──────── Material provided ────────

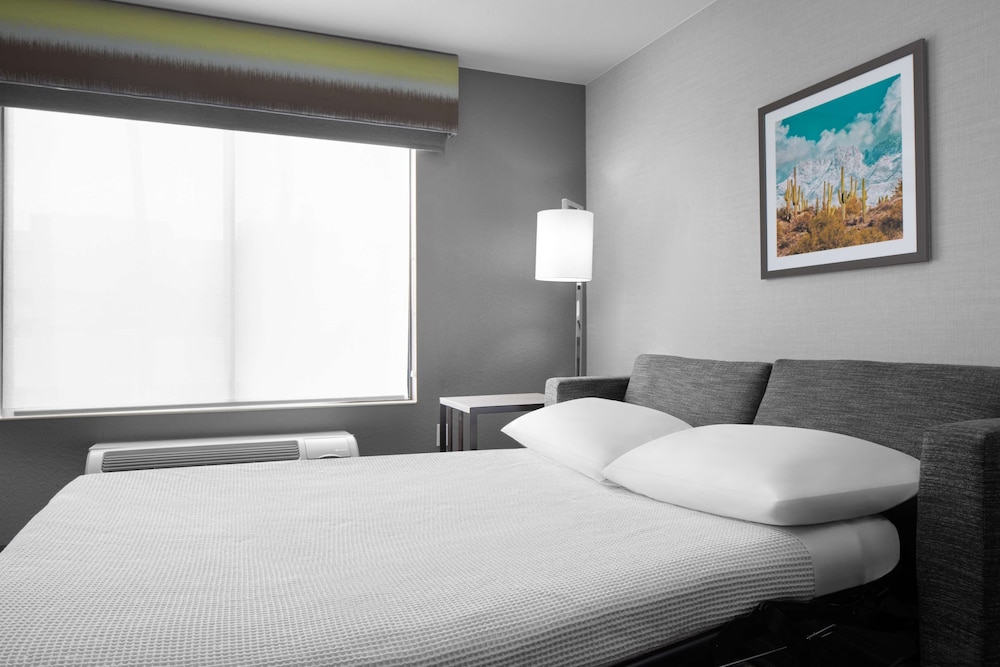 Hampton Inn Phoenix Biltmore 16/43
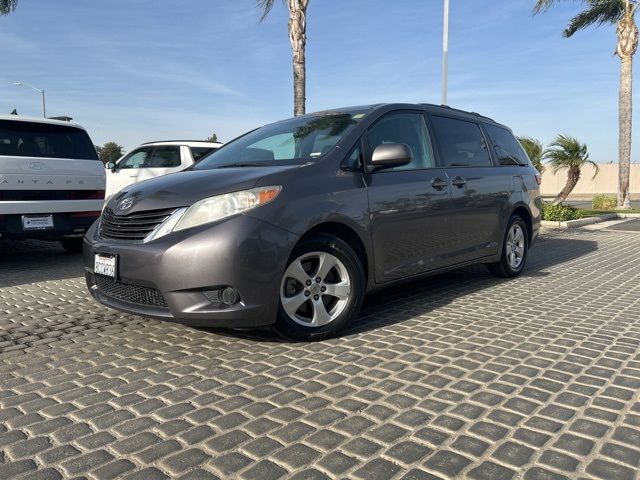 2016 Toyota Sienna LE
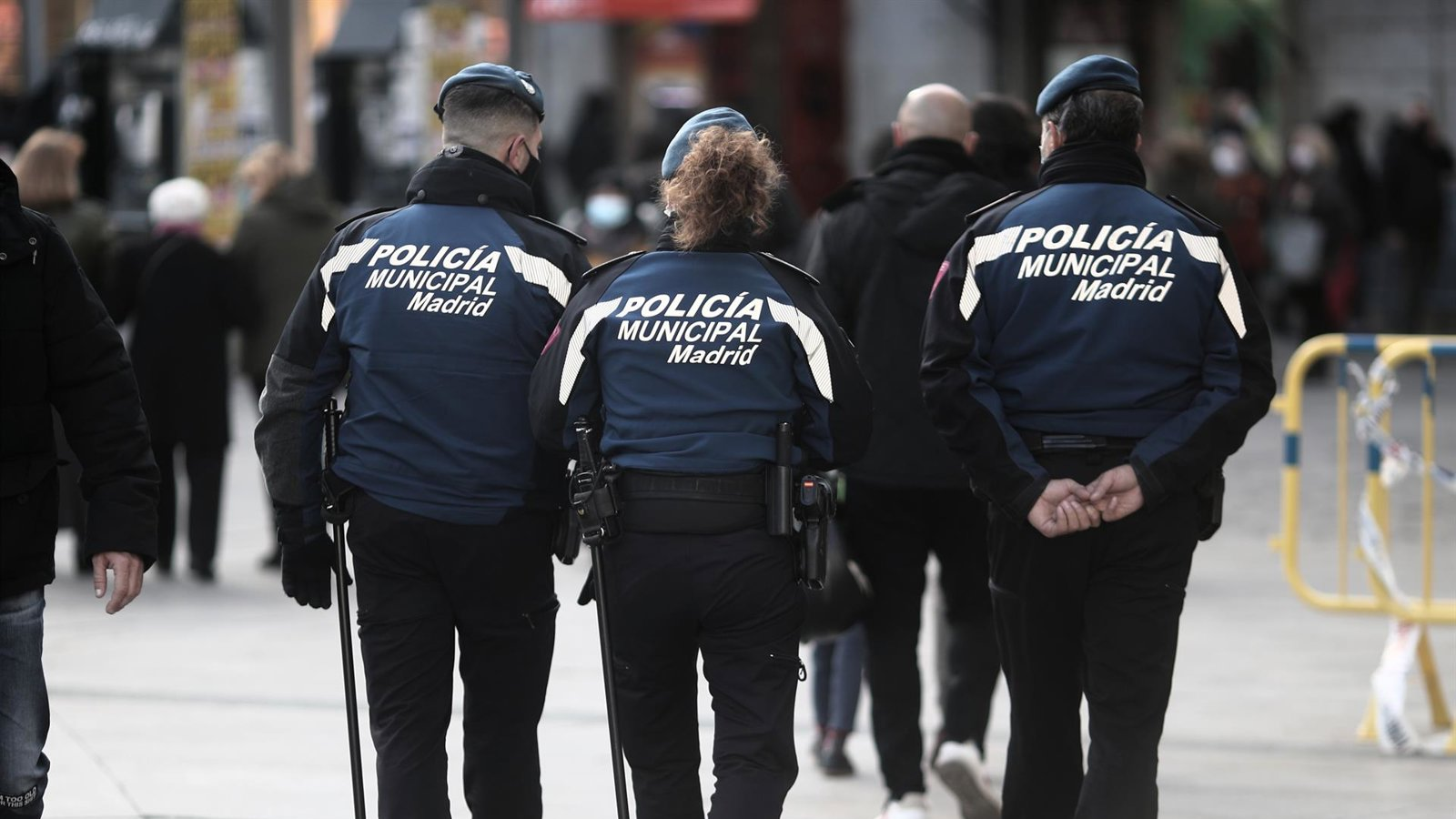La Policía abre ocho actas por drogas y tres por tenencia de armas tras intervenir un arma al responsable en un bar de Usera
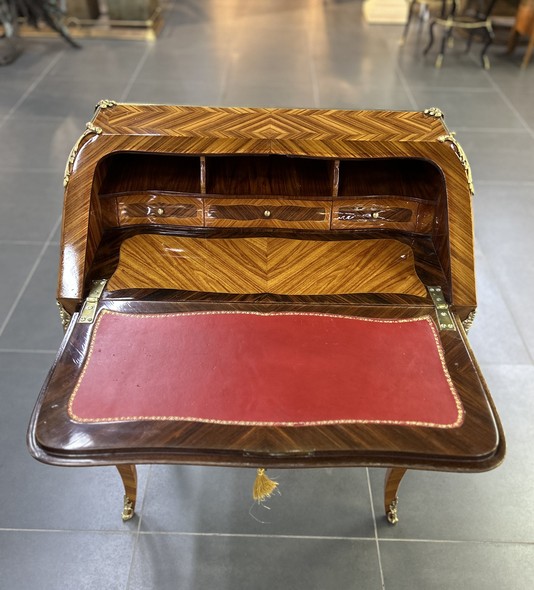 Антикварный стол-
бюро Луи XV, Франция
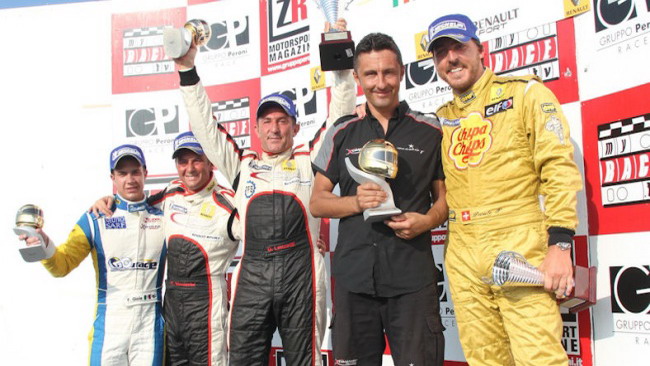 Poker di Giancarlo Lenzotti nella Clio Cup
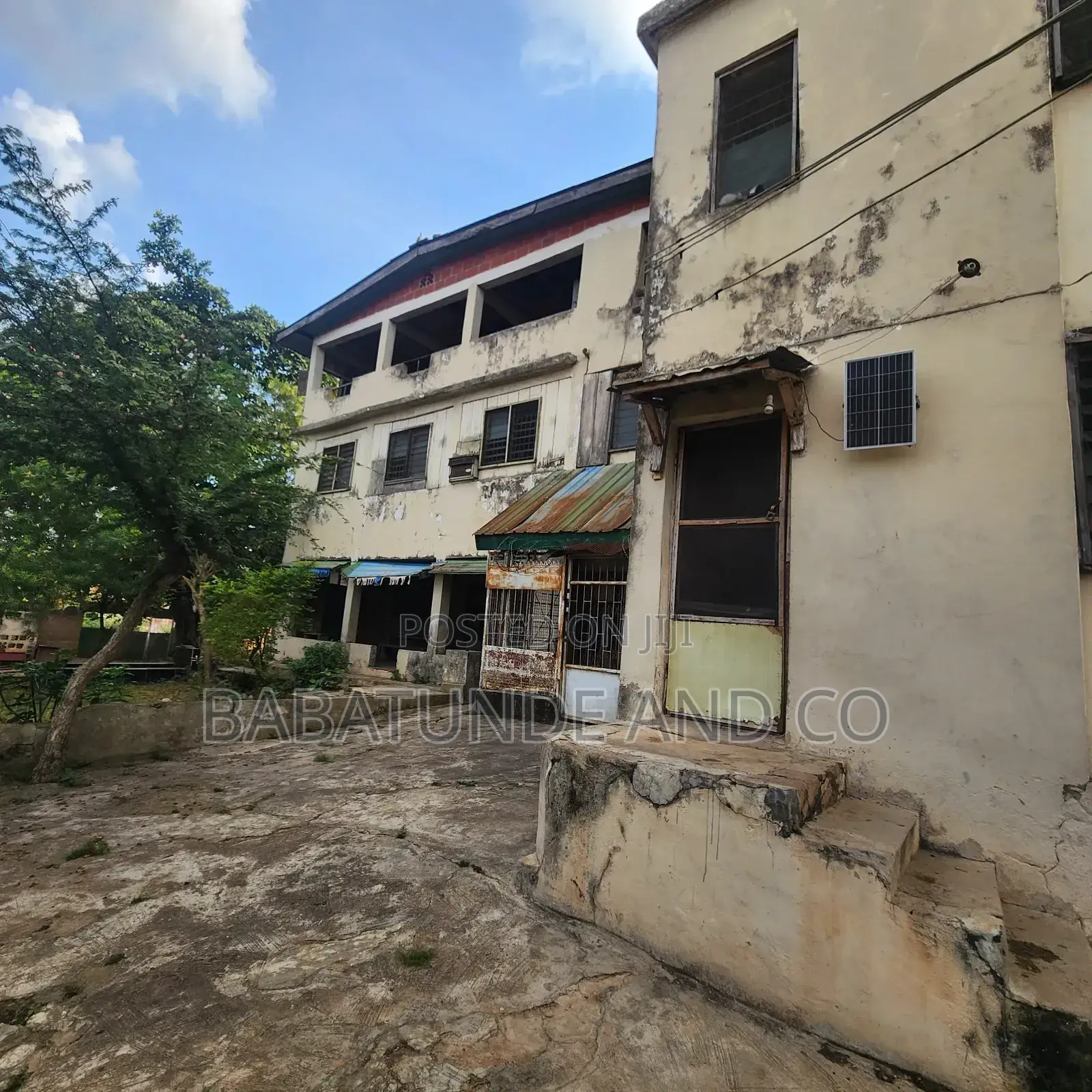 20bdrm Block of Flats in Felele, CHallenge / Ibadan for sale in CHallenge / Ibadan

────────

Every record above must be copied exactly, and no picture may appear in the copy.

 Hampton Inn Phoenix Biltmore 16/43
 2016 Toyota Sienna LE
La Policía abre ocho actas por drogas y tres por tenencia de armas tras intervenir un arma al responsable en un bar de Usera
 Антикварный стол-
бюро Луи XV, Франция
 Poker di Giancarlo Lenzotti nella Clio Cup
 20bdrm Block of Flats in Felele, CHallenge / Ibadan for sale in CHallenge / Ibadan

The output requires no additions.